[DIRECTIONS] For the entries below, state how many lines contain the word "chapter" and add nothing else.

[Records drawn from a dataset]
● ● ● ● ● ● ●

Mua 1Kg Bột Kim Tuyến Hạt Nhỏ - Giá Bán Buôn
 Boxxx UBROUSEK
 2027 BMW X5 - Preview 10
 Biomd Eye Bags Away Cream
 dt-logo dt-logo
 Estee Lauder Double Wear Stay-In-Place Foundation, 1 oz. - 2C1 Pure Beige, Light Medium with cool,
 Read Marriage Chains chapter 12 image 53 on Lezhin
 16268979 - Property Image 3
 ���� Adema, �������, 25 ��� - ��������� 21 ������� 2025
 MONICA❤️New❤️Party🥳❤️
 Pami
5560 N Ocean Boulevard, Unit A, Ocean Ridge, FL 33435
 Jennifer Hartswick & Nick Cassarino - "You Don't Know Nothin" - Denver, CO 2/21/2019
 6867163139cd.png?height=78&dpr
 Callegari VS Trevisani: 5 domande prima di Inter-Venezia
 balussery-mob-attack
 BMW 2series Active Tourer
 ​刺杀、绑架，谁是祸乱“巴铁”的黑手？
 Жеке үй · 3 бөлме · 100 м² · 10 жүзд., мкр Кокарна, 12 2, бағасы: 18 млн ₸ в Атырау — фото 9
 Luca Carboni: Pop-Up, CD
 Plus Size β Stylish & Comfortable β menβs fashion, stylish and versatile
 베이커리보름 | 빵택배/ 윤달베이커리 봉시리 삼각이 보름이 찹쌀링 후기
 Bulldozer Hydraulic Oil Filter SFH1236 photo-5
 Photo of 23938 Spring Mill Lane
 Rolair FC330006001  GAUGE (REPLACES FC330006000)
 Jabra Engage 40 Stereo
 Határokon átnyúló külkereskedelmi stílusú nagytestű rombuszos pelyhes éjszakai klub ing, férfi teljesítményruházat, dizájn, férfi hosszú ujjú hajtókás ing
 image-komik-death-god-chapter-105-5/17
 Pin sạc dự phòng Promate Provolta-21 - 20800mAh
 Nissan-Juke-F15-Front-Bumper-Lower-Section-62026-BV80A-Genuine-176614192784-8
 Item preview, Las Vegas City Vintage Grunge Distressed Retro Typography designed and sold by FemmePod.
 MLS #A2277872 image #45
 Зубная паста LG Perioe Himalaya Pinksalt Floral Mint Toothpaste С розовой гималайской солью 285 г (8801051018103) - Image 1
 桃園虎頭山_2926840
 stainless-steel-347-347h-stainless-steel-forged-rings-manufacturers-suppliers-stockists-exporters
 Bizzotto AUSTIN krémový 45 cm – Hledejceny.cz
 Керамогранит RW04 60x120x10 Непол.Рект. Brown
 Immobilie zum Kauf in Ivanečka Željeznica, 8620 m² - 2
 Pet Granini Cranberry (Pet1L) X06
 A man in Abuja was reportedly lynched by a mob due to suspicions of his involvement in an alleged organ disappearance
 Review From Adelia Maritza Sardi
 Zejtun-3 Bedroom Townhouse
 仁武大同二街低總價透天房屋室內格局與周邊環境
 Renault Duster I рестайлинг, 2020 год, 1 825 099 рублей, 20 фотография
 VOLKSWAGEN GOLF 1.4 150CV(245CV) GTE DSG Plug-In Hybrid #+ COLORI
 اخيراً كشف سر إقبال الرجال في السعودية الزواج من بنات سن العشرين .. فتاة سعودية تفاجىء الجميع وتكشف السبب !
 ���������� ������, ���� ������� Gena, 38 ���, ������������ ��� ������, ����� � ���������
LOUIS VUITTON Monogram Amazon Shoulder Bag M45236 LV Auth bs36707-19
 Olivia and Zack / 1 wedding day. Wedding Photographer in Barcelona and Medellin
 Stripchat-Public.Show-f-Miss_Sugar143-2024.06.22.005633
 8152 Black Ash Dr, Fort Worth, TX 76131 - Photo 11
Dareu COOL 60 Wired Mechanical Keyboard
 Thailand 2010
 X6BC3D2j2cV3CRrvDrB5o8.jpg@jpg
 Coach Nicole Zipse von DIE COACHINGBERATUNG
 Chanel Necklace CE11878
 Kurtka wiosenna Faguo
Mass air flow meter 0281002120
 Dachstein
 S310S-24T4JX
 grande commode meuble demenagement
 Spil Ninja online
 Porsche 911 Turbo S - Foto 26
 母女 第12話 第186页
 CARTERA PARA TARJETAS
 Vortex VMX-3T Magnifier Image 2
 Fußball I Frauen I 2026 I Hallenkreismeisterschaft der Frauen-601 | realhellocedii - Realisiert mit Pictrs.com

● ● ● ● ● ● ●

[FINAL ANSWER] 2